In doing so, we first execute the 5-qubit eight-cycle circuit on a qasm simulator and on two of IBM Quantum’s quantum computers: the five-qubit quantum machine ibmq_manila and the seven-qubit quantum machine ibm_oslo. Measurement outcomes from executing this circuit for \(20{,}000\) shots on these architectures are shown in Fig. 8.

Figure 8

Measurement outcomes for the experimental implementation of the 5-qubit 8-cycles circuit. Results were obtained from executing the circuit for \(20{,}000\) shots on a qasm simulator, as well as on two of IBM Quantum’s quantum computers: ibm_oslo and ibmq_manila. The vertical-axis represents the frequency (count) associated with each of the five-qubit computational basis states, which are labeled on the horizontal axis of the histogram. The quantum computation times on both ibm_oslo and ibmq_manila were recorded as 9.9 s and 9.4 s, respectively

Subsequently, we perform QST experiments on this 5-qubit 8-cycle quantum circuit in three different settings: noisy, noise-free, and on a real IBM quantum computer, ibmq_manila. This quantum computer is built based on a quantum processor of type Falcon r5.11L, which comprises five superconducting transmon qubits, produced by IBM Quantum [64].

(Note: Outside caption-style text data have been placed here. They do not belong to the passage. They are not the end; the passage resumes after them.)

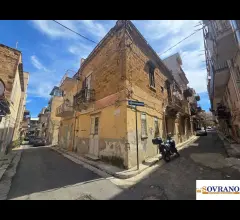 Villabate: palazzina indipendente con terrazzo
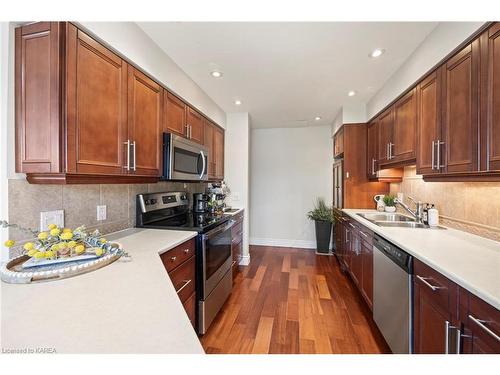 29-1098 King Street W, Kingston, ON - Indoor Photo Showing Kitchen With Double Sink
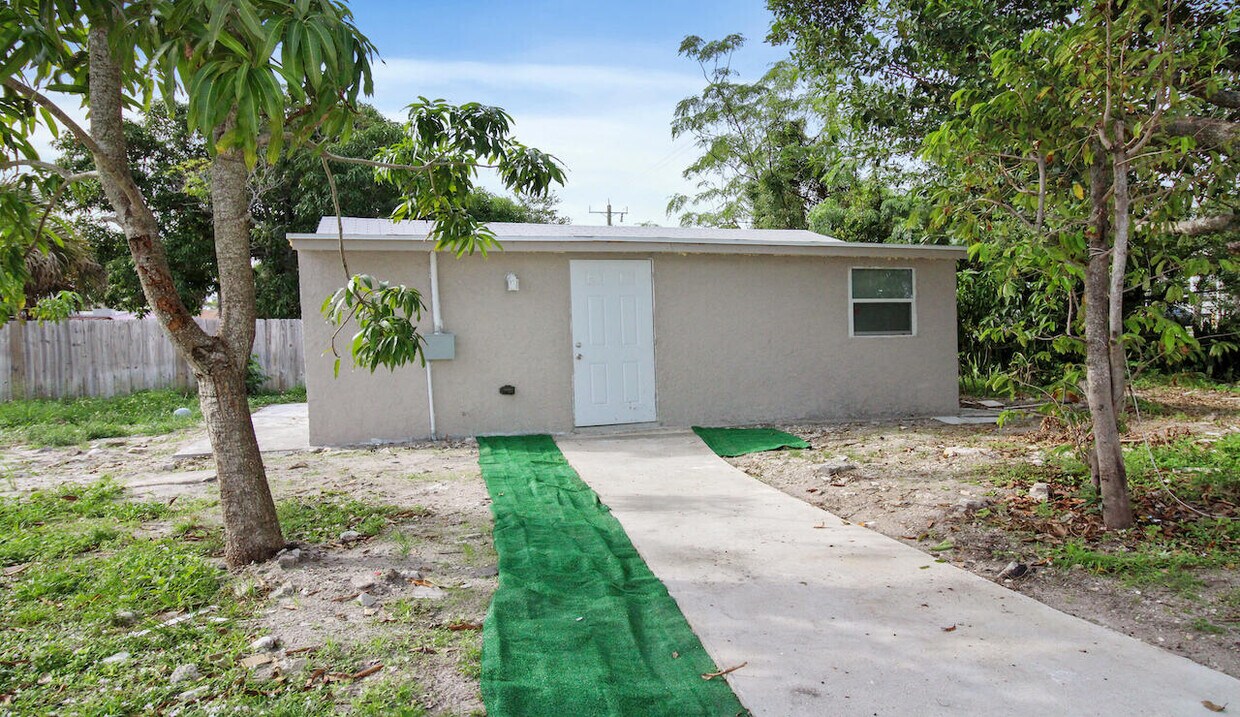 947 39th Ct Unit Cottage, West Palm Beach, FL 33407 Room for Rent in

In these full QST experiments, we include measurements of all qubits in the 5-qubit Pauli bases \(\{X,Y,Z\} ^{\otimes 5}\) to the appended state preparation circuit of the eight-cycles circuit. This results in a total of 243 measurement circuits (3⁵) that must be executed for this five-qubit eight-cycles circuit. Furthermore, the culmination of the 7776 (6⁵) measurement outcomes across all circuits furnishes a tomographically overcomplete basis, facilitating the reconstruction of the (targeted) quantum state. A random sample from the outputs of these quantum circuits is shown in Fig. 9 and Fig. 10.

Figure 9

Experimental results over a random subset of the 3⁵ quantum state tomography measurement circuits. These circuits were randomly selected from a total of 243 measurement circuits executed in the QST experiments for the five-qubit eight-cycles circuit. These results include the final outcomes for the 7776 (\(6^{n}\)) measurement outcomes across all circuits of all qubits in the five qubit Pauli bases. The QST experiments were executed for 4000 repeated shots for each measurement basis on the real IBM Quantum’s quantum machine, ibmq_manila. The quantum computation running time was 4 minutes and 54 seconds. (Fig. 9 continued on the next page …)

Figure 10

(… Continued). The vertical-axis represents measurement outcomes associated with each of the five-qubit Pauli-basis states, that labeled on the horizontal axis of each histogram by numbers from 01 to 32. These numbers correspond respectively to the states: (00000, 01000, 01001, 01010, 01011, 01100, 01101, 01110, 01111, 00001, 10000, 10001, 10010, 10011, 10100, 10101, 10110, 10111, 11000, 11001, 11010, 11011, 11100, 11101, 11110, 11111, 00010, 00011, 00100, 00101, 00110, 00111)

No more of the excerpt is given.